#### [REQUIRED ACTION]
Reproduce exactly, with no pictures, each line from the opening of the material down through the line containing "Moderno abstracto creativo".

-------

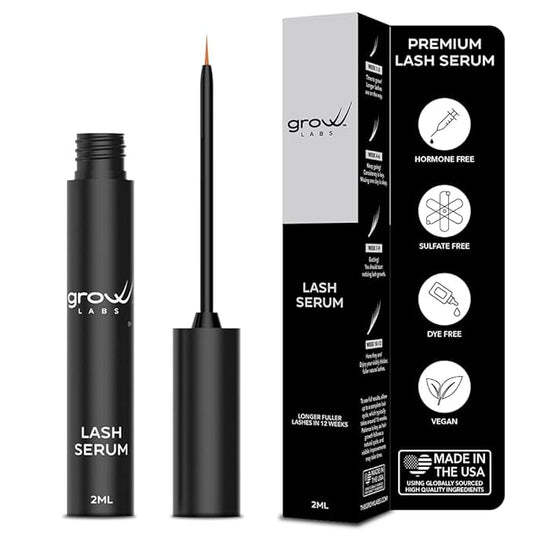 Eyebrow Growth Serum - with Biotin & Peptides - Eye Brow Serum for Growth - Vegan Brow and Lash Enhancer - Made in USA - Cruelty Free - 5ml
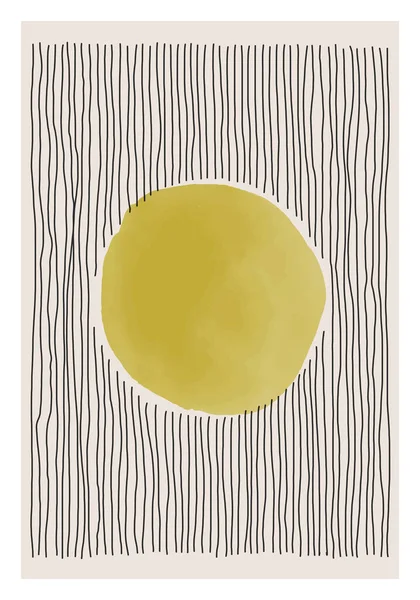 Moderno abstracto creativo minimalista artístico pintado a mano composición — Archivo Imágenes Vectoriales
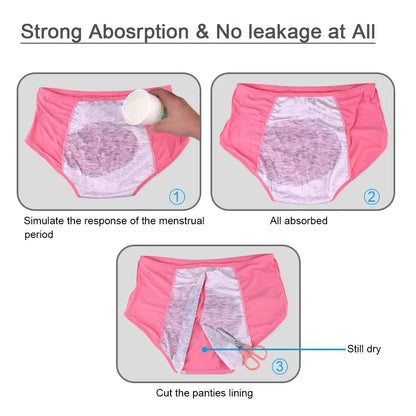 xl~8xl Leak Proof Menstrual Briefs for Women Antibacterial Physiological Underwear Waterproof Period Panties Plus Size Pants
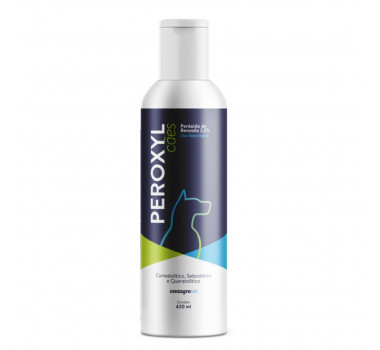 Shampoo Antibacteriano Peroxyl 2,5% Centagro para Cães - 420ml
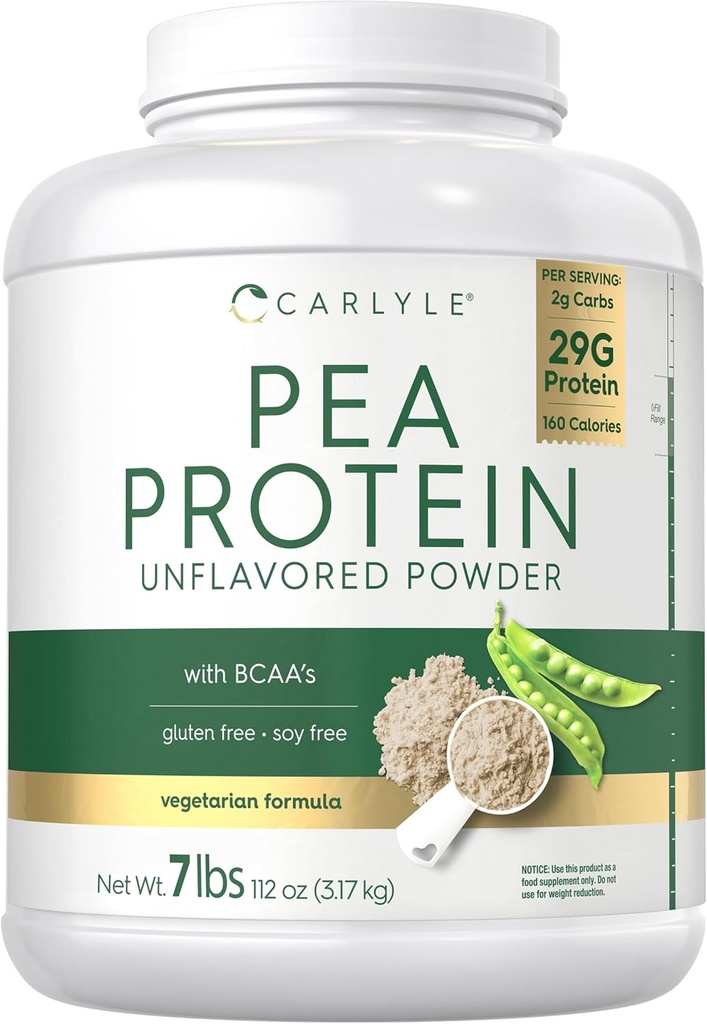 Carlyle Pea Protein Powder 7lb ← Desarrollado Silencio 29G Protein Silencio para Hombres y Mujeres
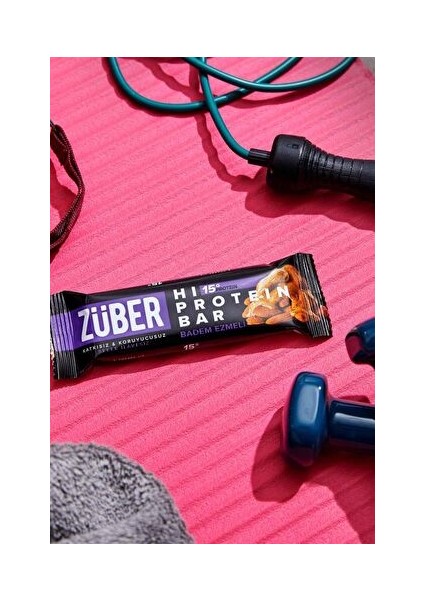 Badem Ezmeli Yüksek Protein Bar 12 x 45 gr indirimleri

-------

#### [OUTPUT OF THE EXERCISE]
 Eyebrow Growth Serum - with Biotin & Peptides - Eye Brow Serum for Growth - Vegan Brow and Lash Enhancer - Made in USA - Cruelty Free - 5ml
 Moderno abstracto creativo minimalista artístico pintado a mano composición — Archivo Imágenes Vectoriales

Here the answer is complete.